I. FACTUAL AND PROCEDURAL BACKGROUND
The relevant facts are limited and are subject to a stipulation between the parties. The Debtors filed an Amended Schedule I which shows that their income is comprised of $3,380.00 in gross wage income, $1,110.63 in retirement benefits, $129.00 in VA disability benefits and $940.00 in Social Security income. After certain deductions, Debtors have net monthly income of $4,470.43 with which to pay their monthly expenses. The Debtors' Amended Schedule J shows actual and necessary expenses of $4,020.60 per month. Debtors admit that with the inclusion of their Social Security income, they would have $426.83 in net monthly income with which to pay creditors. The Debtors have unsecured nonpriority debt in the amount $34,447.00 and no priority unsecured debt. The parties agree the Debtors are eligible to be Debtors under Chapter 13 of the Bankruptcy Code. The United States Trustee does not challenge the good faith of the filing pursuant to § 707(b)(3)(A).
II. DISCUSSION AND ANALYSIS
The United States Trustee claims the Debtors have sufficient net monthly income to pay 100% of their nonpriority unsecured debt. Debtors rejoin that they could not do so without contributing Mr. Johnson's Social Security benefits and contend that they should not be compelled to do so. The United States Trustee points out that this Court previously considered this very question in Booker and held that the Court may consider such income in analyzing a debtor's ability to pay and the totality of the debtor's financial circumstances pursuant to a motion brought under § 707(b)(3). Debtors urge this Court to reconsider its holding in Booker based primarily on the subsequent decisions of the Eighth Circuit in Carpenter v.
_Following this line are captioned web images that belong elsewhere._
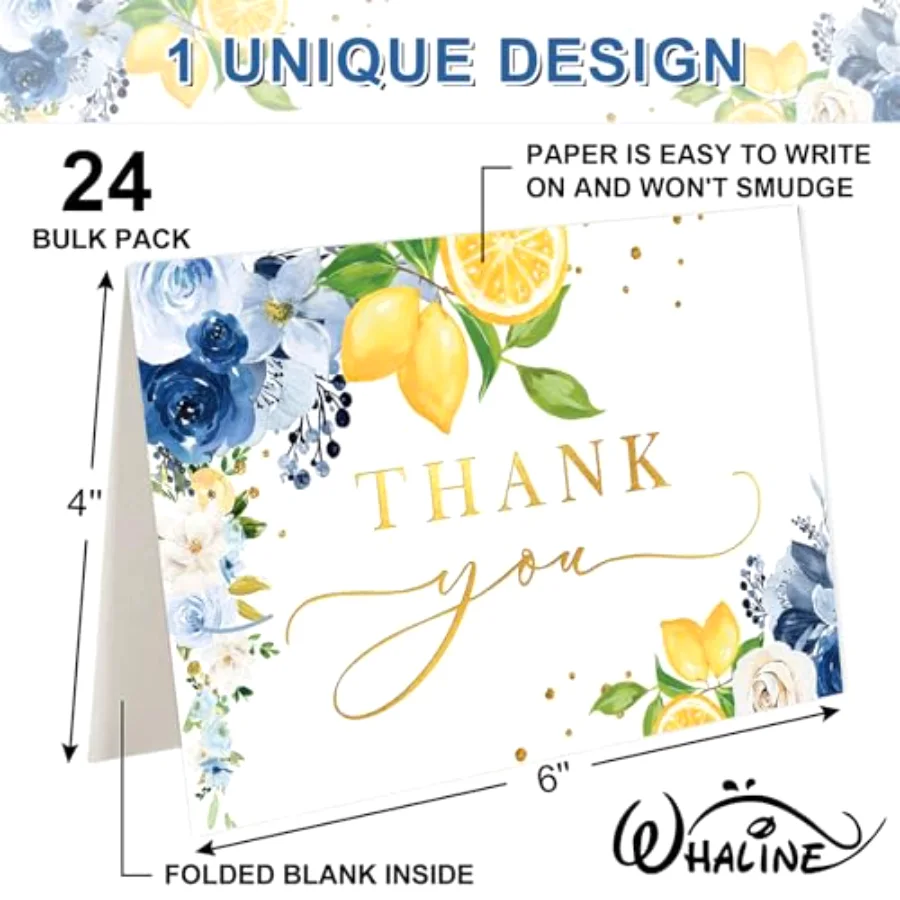 Blue Lemon Floral Thank You Cards Bulk Watercolor Flower Mediterranean, view 2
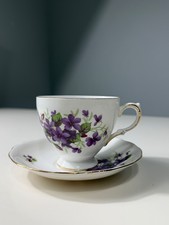 Vintage Queen Anne Bone China Violet Floral Tea Cup & Saucer England Gold Trim picture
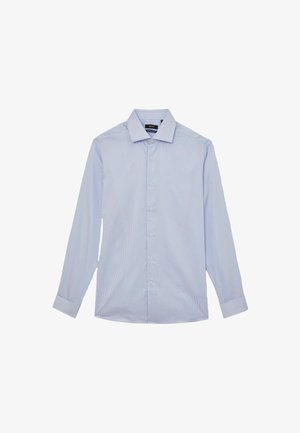 Camicia a maniche lunghe a righe azzurro chiaro e bianco con colletto, bottoni sul davanti e polsini con bottoni. Realizzata in tessuto intrecciato.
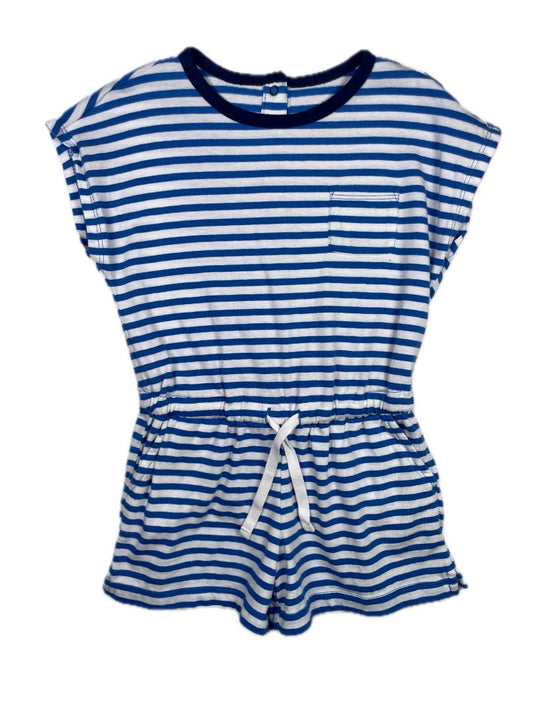 3/3T, Primary, Blue, White-striped drawstring romper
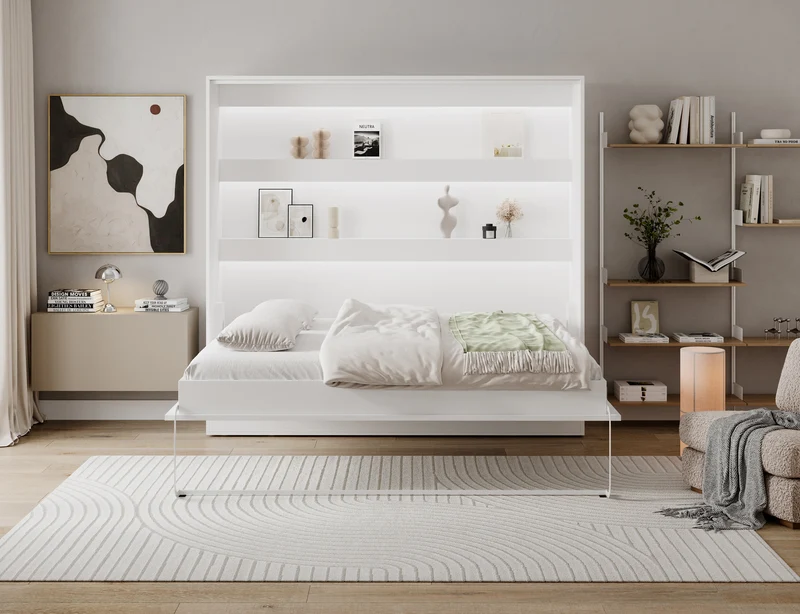 Lit escamotable NEO – armoire lit murale verticale avec rangements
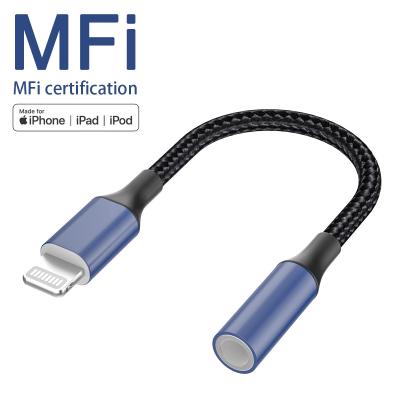 China Mobile phone for Apple iPhone to 3.5mm audio aux audio splitter. MFI Jack Adapter Lighting to 3.5mm Earphone Jack Adapter for sale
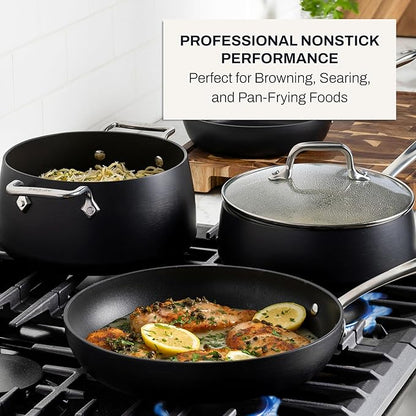 All-Clad HA1 Hard Anodized Nonstick Fry Pan Set – 5-Piece Cookware, 8", 10", 12" Skillets with Lid, Induction Compatible, Oven Safe to 500°F, Lid Safe to 350°F, Black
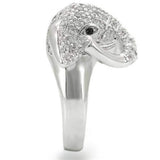 Alamode Rhodium Brass Ring with Top Grade Crystal in Jet - Alamode - Flyclothing LLC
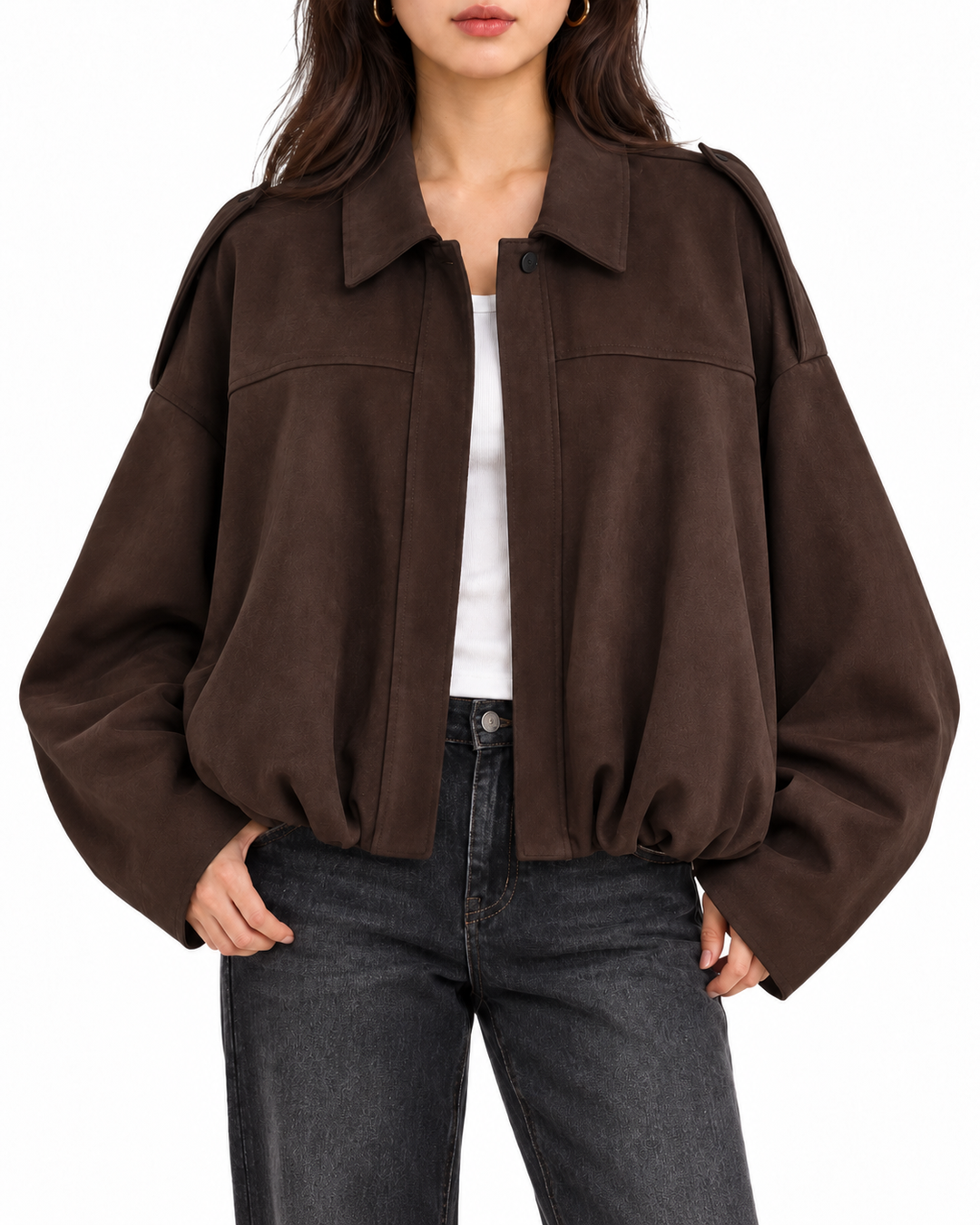 Oversized suède look jas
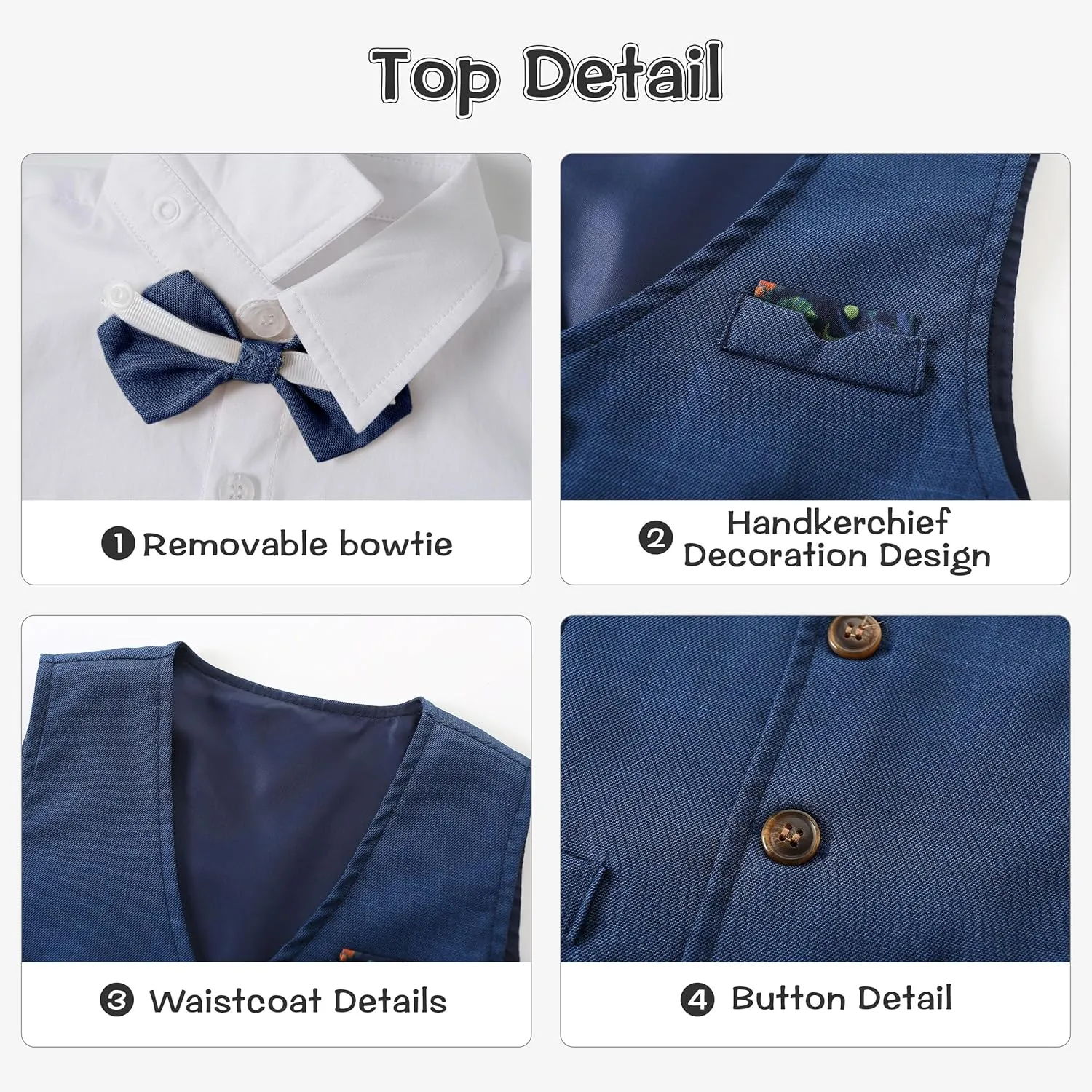 Volunboy Baby Boys Summer Suits Short Sleeve Wedding Ring Bearer Outfits 4Pcs Graduation Dress Vest Shirt Bowtie Shorts Set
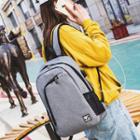 Set: Cotton Blend Backpack With Usb Charging Port + Applique Sling Bag
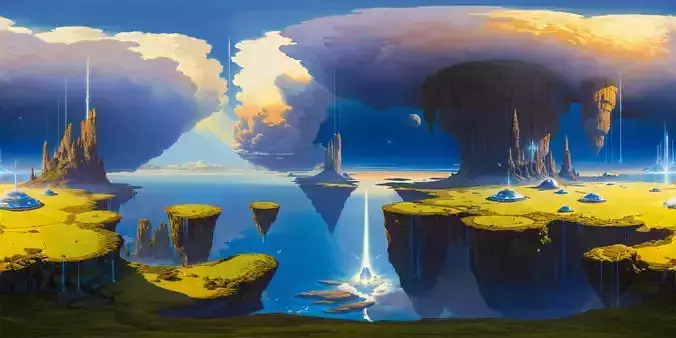 8K HDR Floating Islands in Cosmic Void Background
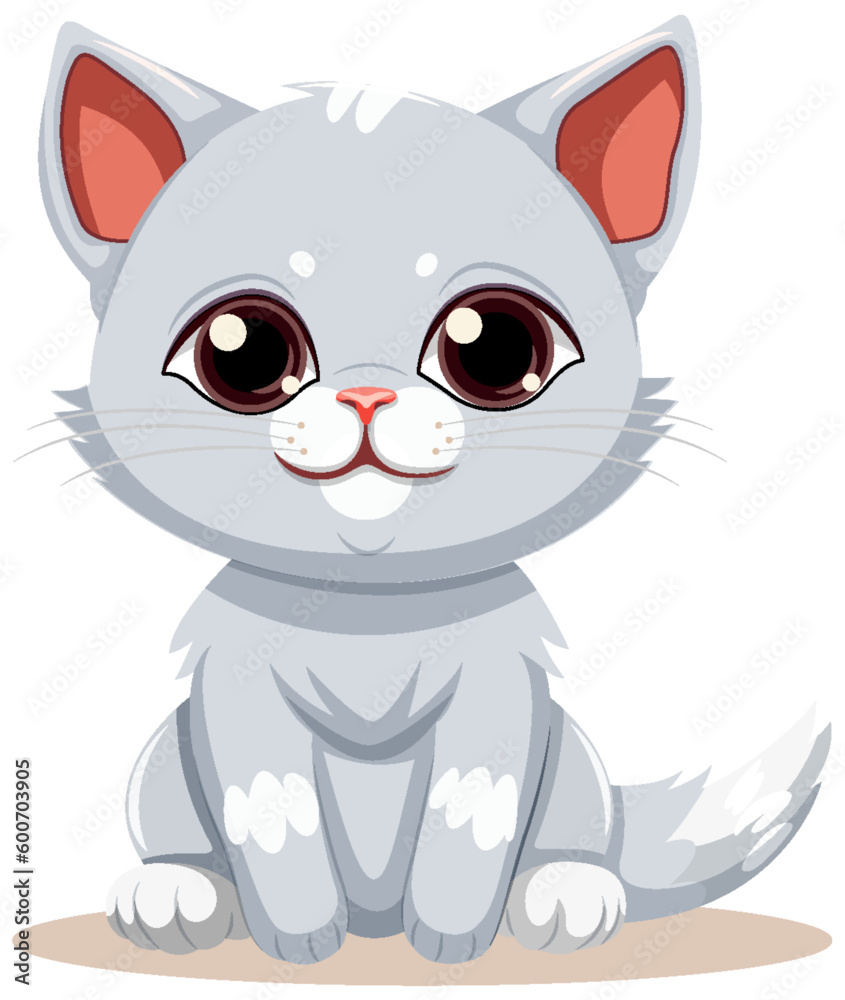 Wall mural Sweet eyed Kitten Cartoon Character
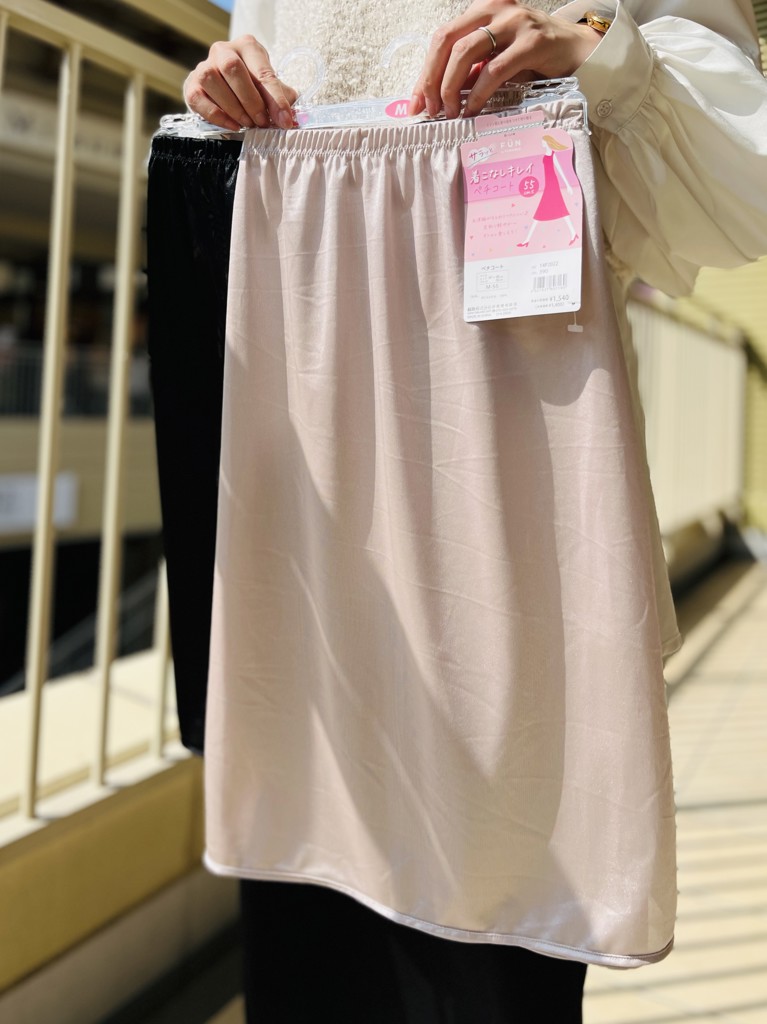 fukuske FUN(フクスケファン)】 ペチコート 無地 55cm丈 サイド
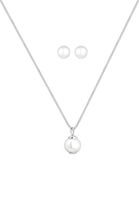 Elli Elli Sieraden Set Dames Klassiek Elegant Set Oorsteker Elegant met zoetwater gekweekte parel in 925 sterling zilver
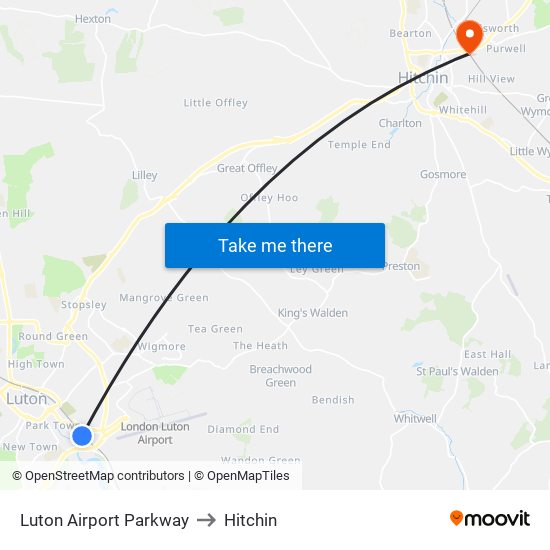 Luton Airport Parkway to Hitchin map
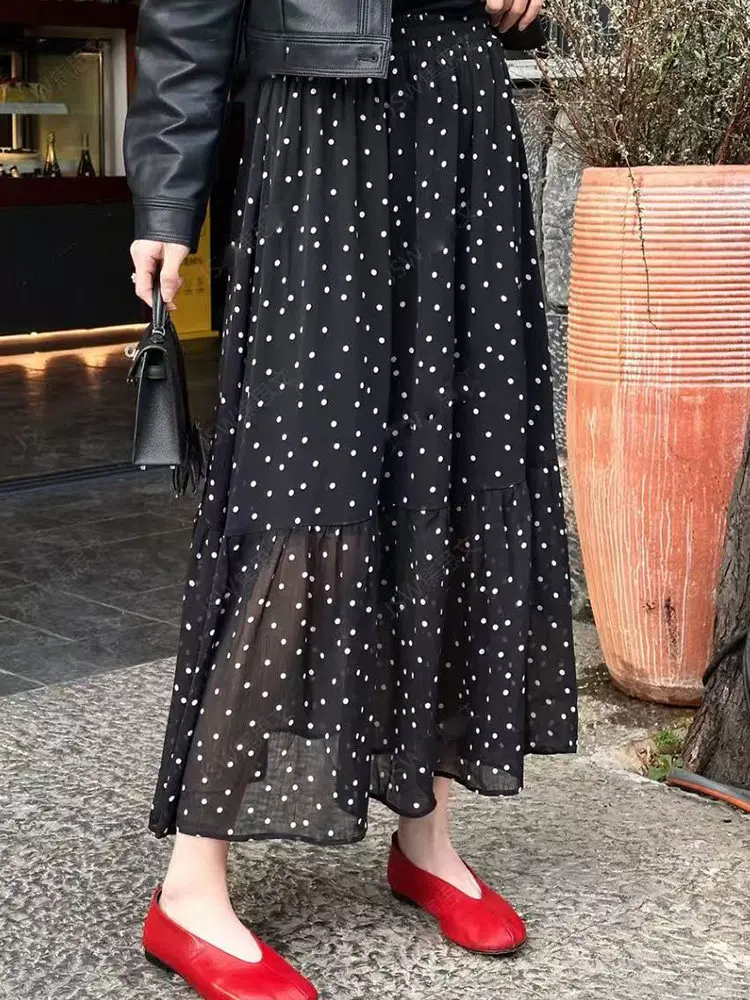 

Hebe Style High Waist Black Polka Dot Midi Skirt Women's Spring Summer New A-Line Versatile Mid-Length Skirt City Walk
Ries, 614 F.3d 930 (8 Cir. 2010) and the Eighth Circuit Bankruptcy Appellate Panel in Thompson v. Fink (In re Thompson), 439 B.R. 140 (8 Cir. B.A.P. 2010). Debtors contend that it is appropriate for this Court to consider what would transpire in a hypothetical Chapter 13 case and further argue that they could not be required to use their Social Security income to fund a Chapter 13 plan because Social Security income is excluded from the definition of current monthly income and the Debtors' failure to contribute such income to fund the plan could not be challenged on good faith grounds based upon the ruling in Thompson. Debtors suggest it would be a pointless act to deny them relief under Chapter 7 when they could not be compelled to pay their unsecured creditors anything in a Chapter 13 case.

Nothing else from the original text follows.